[Data records]
_____

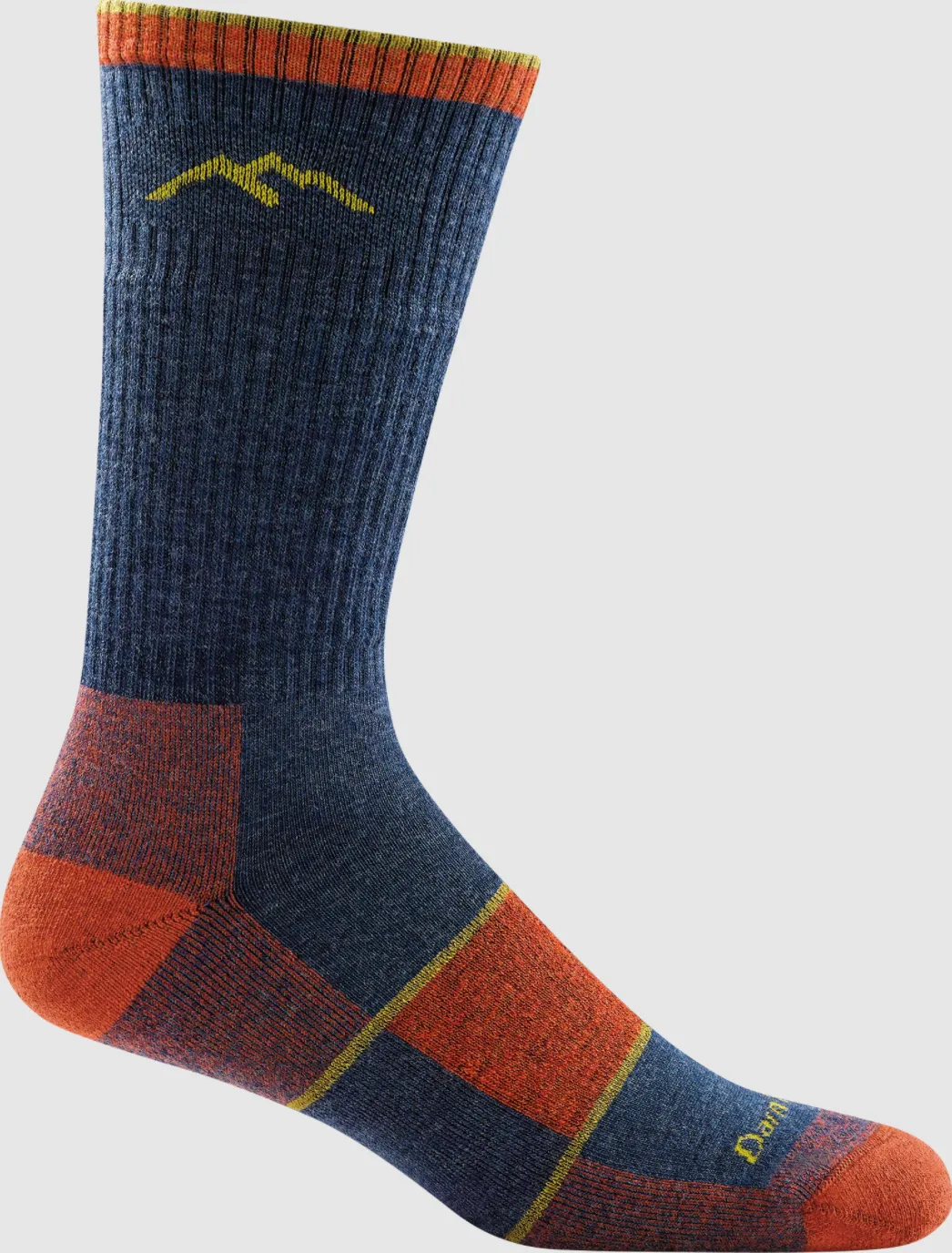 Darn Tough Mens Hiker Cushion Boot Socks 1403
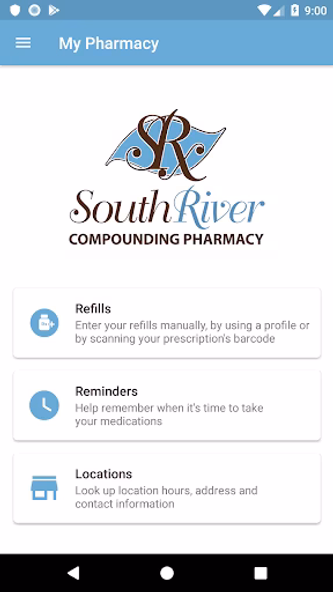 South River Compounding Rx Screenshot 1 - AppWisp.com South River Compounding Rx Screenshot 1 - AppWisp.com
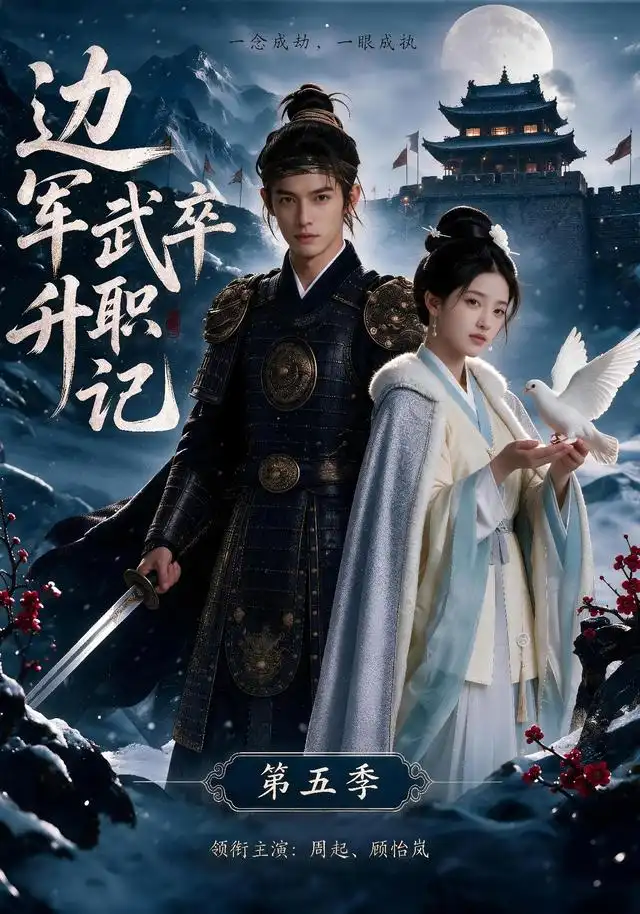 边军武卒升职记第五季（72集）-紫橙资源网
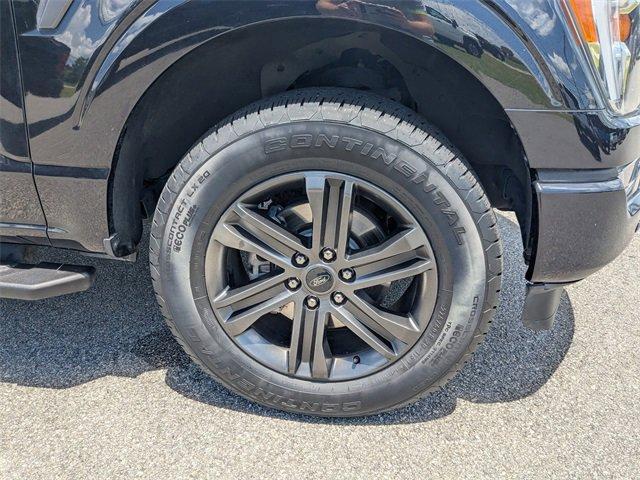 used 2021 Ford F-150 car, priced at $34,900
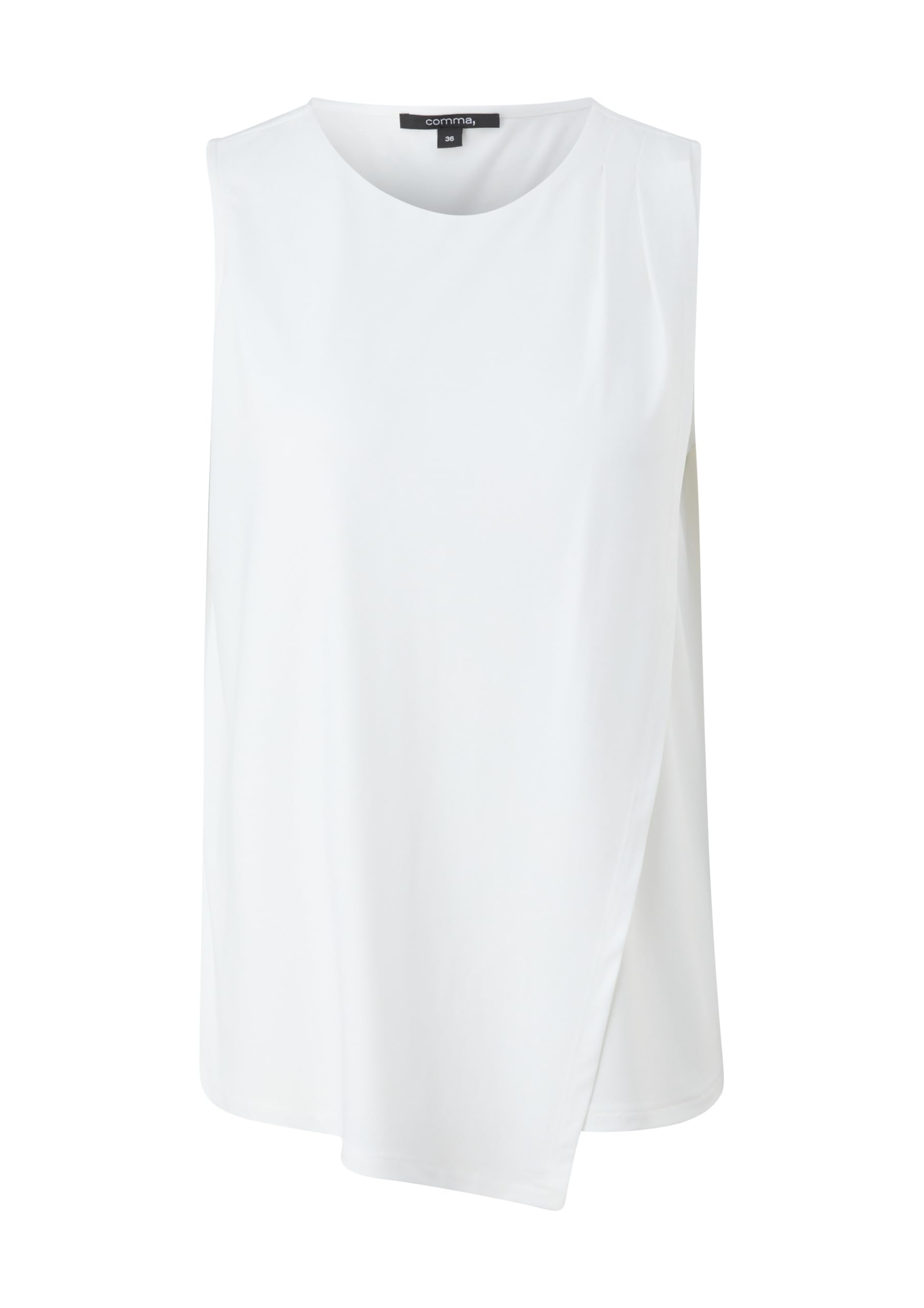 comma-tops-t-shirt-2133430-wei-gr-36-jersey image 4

_____

• _DIRECTIONS FOR THIS TASK_
Repeat each of the entries above exactly, but do not carry over the pictures.

• _OUTPUT FOR THIS EXERCISE_
 Darn Tough Mens Hiker Cushion Boot Socks 1403
 South River Compounding Rx Screenshot 1 - AppWisp.com South River Compounding Rx Screenshot 1 - AppWisp.com
 边军武卒升职记第五季（72集）-紫橙资源网
 used 2021 Ford F-150 car, priced at $34,900
 comma-tops-t-shirt-2133430-wei-gr-36-jersey image 4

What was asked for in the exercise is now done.